Good players like Rugani can bring in home runs easily, and many athletes claim when they hit well in a game, the ball appears much bigger than it really is. Now, cognitive psychology student Jessica Witt sets out to find out if the theory is true.
"I watched players play, and after the games were over, I asked them to look at an array of different sized circles and pick which circle they thought best matched the size of the softball," Witt, of the University of Virginia in Charlottesville, tells DBIS.
Witt found players picking the larger circles performed better, proving that a player's perception of the ball's size is somehow linked to his performance. "It's hard to know which direction the effect goes," she says. "Do you see it as bigger and therefore hit better, or are you hitting better and therefore see it as bigger?"
She also found athletes who hit poorly see the ball as being much smaller than it really is. She says, "If we're a poor hitter, we see the world full of really, tiny, tiny, tiny balls that are really difficult to hit."
So to do well in a game, think big to hit big.
Witt recently conducted another study to find out if golfers who do well in a game see the cup as being bigger. Preliminary results suggest golfers do, indeed, see the cup bigger when playing well.
BACKGROUND: Perception and action -- the interactions between mind and body -- could be interlinked. Athletes often say that when they are playing well -- shooting hoops, hitting baseballs, catching football passes -- the ball appears bigger. When they are in a slump, the ball appears smaller. A new study by University of Virginia psychologists has found a connection between batting averages of softball players and how big or small they thought the ball seemed.
ABOUT THE STUDY: The scientists conducted their experiment at several softball fields in Charlottesville and asked players who had finished playing for the day to look at eight different-sized circles on a board, and to pick the one that best represented the size of the softball they had been trying to hit. They compared that data to the hitting percentage of the players for that day. The study found that when players were hitting well, they clearly perceived the ball to be bigger. And when they were hitting less well, they perceived the ball to be smaller. The scientists plan to continue their study on perceived ball size and batting averages under more controlled conditions.

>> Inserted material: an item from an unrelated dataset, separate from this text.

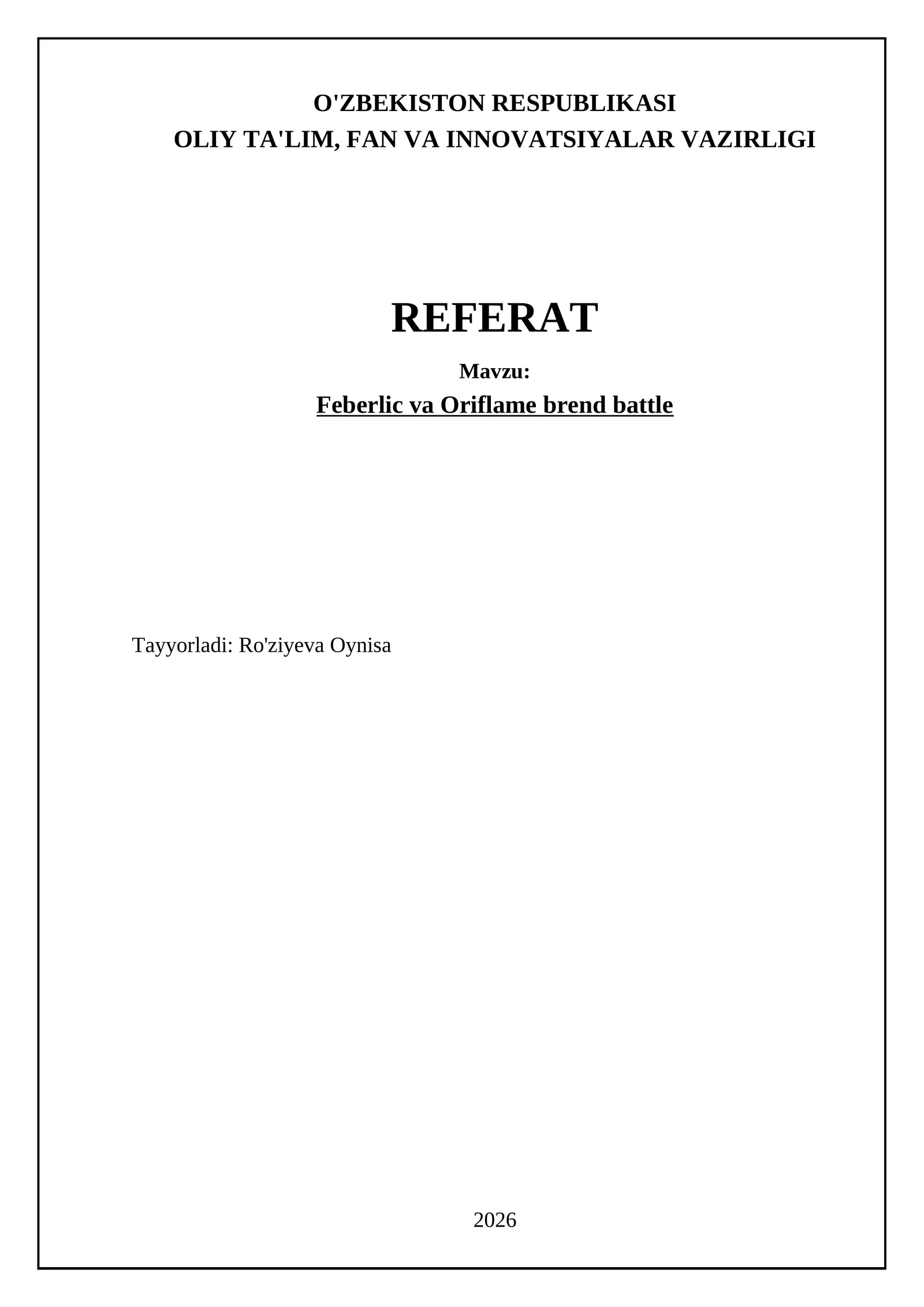 Feberlic va Oriflame brend battle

HOW WE SEE "DEPTH": The human visual system is designed to allow us to detect fine detail, track a moving object, see colors, and perceive depth. All these components of a visual scene are processed and merged by the brain so that we observe them as one visual experience. How we recognize that different objects are at different distances from us depends on visual cues. For objects beyond 100 feet, the image that's projected on to the back of the eye is basically the same size to both eyes, so cues of depth perception would include knowing the relative range of sizes of objects in general. If one object partly hides another, we know that the object in front is closer. And as we move our heads and bodies, nearby objects will seem to move more quickly than distant objects, an effect called motion parallax.
For objects closer than 100 feet, we need three-dimensional vision. Because the eyes are separated by about six centimeters, each eye gets a slightly different view of the same object. So when we fixate on one object, we can tell if another object is in front of or behind it, because the object is located in two different places on the images that reach the retinas, or backs of the eyes. This is called disparity. Experiments have found that depth perception likely occurs in the primary visual cortex, where individual neurons receiving input from the retinas of the two eyes fire specifically when retinal disparity exists.
VISION PROBLEMS: If particular parts of the brain are damaged, people may lose some visual perception. They might not be able to recognize faces, for instance (prosopagnosia), or not be able to name colors (color anomia). And sometimes they can lose their stereoscopic vision (visual spatial agnosia) or lose the ability to see objects that are in motion (movement agnosia).